Equal attention is given to Sal Mineo, whose groundbreaking portrayal as Plato, the first gay teenager in a Hollywood production, is almost a book by itself. Mineo was very close to Dean during the shoot, but exactly how close is left to the readers’ imagination. This was the 50s, when being a homosexual was tantamount to being a communist. The authors are nonchalant about Dean’s bisexuality, and much is speculated over many of his liaisons.

This speculation often gets in the way of the book’s pace since the authors have to rely on testimonies than are now more than half a century old. Not to mention the fact that the principal innovators of Rebel have been gone for decades.

But it does not stop the well documented gossip, such as Wood’s simultaneous affairs with Ray and fellow actor Dennis Hopper, who played a gang member, that makes the whole process interesting.

However, the authors spend a little too much time covering the actual making of the movie when it is pretty obvious that the crew’s personalities are the reason to pick up the book in the first place.

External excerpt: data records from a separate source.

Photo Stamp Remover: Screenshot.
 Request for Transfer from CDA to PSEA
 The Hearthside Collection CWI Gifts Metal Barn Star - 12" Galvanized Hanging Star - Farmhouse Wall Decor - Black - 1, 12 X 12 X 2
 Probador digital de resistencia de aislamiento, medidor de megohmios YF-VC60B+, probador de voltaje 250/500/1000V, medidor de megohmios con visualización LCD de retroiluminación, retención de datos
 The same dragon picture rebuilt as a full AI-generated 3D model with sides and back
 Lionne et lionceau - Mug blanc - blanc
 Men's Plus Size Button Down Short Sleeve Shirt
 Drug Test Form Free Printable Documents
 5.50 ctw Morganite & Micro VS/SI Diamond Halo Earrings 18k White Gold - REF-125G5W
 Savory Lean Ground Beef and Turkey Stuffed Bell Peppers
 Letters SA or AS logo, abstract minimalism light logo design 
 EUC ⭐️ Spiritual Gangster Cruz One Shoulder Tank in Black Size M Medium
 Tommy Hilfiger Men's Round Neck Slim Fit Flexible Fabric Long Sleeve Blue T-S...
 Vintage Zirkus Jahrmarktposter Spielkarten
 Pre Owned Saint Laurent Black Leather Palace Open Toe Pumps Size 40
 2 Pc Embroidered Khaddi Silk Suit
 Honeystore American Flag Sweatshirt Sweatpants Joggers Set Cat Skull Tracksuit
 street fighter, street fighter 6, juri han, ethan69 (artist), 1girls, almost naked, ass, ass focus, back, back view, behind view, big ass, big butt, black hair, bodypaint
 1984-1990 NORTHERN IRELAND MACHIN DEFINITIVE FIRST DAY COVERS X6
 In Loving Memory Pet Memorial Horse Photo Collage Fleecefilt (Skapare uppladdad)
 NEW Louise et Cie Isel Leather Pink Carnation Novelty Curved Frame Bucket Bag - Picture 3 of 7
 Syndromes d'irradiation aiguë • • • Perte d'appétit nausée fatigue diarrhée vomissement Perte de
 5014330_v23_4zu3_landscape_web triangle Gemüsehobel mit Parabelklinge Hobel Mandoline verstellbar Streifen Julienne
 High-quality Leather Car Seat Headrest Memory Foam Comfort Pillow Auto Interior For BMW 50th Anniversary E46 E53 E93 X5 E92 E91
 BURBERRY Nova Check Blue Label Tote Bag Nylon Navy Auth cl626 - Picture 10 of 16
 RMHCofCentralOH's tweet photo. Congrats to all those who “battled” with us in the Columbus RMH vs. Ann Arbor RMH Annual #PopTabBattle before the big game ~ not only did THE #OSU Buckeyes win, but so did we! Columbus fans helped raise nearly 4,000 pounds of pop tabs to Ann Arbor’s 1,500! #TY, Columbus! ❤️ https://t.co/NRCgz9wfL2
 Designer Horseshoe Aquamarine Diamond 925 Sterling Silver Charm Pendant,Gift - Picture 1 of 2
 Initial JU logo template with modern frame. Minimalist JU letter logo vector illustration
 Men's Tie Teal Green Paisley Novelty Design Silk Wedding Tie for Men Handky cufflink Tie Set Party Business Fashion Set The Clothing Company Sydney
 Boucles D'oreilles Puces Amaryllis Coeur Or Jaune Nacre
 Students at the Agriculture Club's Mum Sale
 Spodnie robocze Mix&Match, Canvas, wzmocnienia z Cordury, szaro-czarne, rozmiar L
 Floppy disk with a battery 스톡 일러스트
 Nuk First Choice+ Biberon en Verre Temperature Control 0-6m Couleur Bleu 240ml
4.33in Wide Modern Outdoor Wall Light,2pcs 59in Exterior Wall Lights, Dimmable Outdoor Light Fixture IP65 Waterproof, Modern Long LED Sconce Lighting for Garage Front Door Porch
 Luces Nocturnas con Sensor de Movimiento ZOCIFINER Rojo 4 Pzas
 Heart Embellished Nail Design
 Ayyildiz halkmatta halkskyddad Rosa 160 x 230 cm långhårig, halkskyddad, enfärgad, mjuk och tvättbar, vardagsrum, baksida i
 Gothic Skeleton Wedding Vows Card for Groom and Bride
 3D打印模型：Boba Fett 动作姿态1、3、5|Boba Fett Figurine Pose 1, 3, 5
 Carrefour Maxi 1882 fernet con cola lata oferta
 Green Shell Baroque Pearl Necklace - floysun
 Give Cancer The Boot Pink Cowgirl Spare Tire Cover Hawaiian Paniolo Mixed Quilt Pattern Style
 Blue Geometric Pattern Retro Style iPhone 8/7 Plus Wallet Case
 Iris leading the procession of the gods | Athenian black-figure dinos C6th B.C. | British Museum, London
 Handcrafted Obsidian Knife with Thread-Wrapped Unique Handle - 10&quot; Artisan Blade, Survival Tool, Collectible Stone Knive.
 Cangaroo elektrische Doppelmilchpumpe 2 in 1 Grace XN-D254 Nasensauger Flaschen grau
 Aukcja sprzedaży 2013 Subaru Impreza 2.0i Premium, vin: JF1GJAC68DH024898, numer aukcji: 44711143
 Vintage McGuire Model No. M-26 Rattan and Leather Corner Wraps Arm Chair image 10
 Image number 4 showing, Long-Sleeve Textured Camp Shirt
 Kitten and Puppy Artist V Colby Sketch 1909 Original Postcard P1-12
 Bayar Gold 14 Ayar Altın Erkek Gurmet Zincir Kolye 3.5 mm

While is noteworthy that the movie was originally slated to be filmed in black-and-white and the dangerous knife fight had to be reshot, a little too much attention is given to these facts.

Leave a Good-looking Corpse

But these are small nitpicks in what is overall an impressive account of a groundbreaking film. The book gets better once it covers the careers of Wood, Mineo and Ray after Rebel was released, and most chapters leave you with a sense of satisfaction while yearning for a little more information. Dean’s death is almost written as a footnote, but it would not make sense to dwell on what is already well-established folklore.

Best of all, Live Fast does not judge anyone, especially the reader. Too many writers try too hard to get into the heads of famous people to explain their actions, but Frascella and Weisel tell the story like good reporters do while making us wish for a world where Dean was not so abruptly taken.